PETALING JAYA (The Star/ANN) — Oils sharp decline since June has left many banks looking at heavy losses and the estimated 2 billion pounds (US$3.12 billion) losses for British lenders may be just the tip of the iceberg.

US and Canadian banks that have lent heavily to the sector on the back of the US shale boom could be nursing their wounds too.

Barclays, HSBC and RBS could be sitting on losses of US$1 billion each, while Standard Chartered could face US$400 million of impairments, said the Telegraph, quoting Chirantan Barua, analyst at Bernstein.

“Nearly US$650 billion of high yield debt has been issued in the sector since 2011.

“Momentum in the sector has been strong, growing at (around 20 per cent) in 2012/13.

“When you see US$650 billion of high yield issuance in a sector that has been levering up across the supply chain, any shocks in the underlying business will have risk ripples across the financial system,” Barua was quoted as saying.

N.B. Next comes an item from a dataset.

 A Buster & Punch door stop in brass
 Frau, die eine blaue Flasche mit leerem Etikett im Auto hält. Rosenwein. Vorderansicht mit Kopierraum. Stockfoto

Risky high-yield debt-loans to companies that are less stable — have increased substantially in recent years on the back of more activity from smaller players, said the Telegraph.

These borrowers are seen as less likely to withstand prolonged low prices, making them more likely to default on this debt, said the Telegraph.

This is happening hot on the heels of massive fines for forex rigging and a host of other misselling and money laundering charges.

Hopefully, with increased capital input, these banks can weather through the waves.

Related: Assessing the fallout from the fall in oil prices

Singapore had earlier pledged to control household debt which had gone up to 76.3 per cent of gross domestic product (GDP) in the third quarter, compared with 71.9 per cent two years earlier.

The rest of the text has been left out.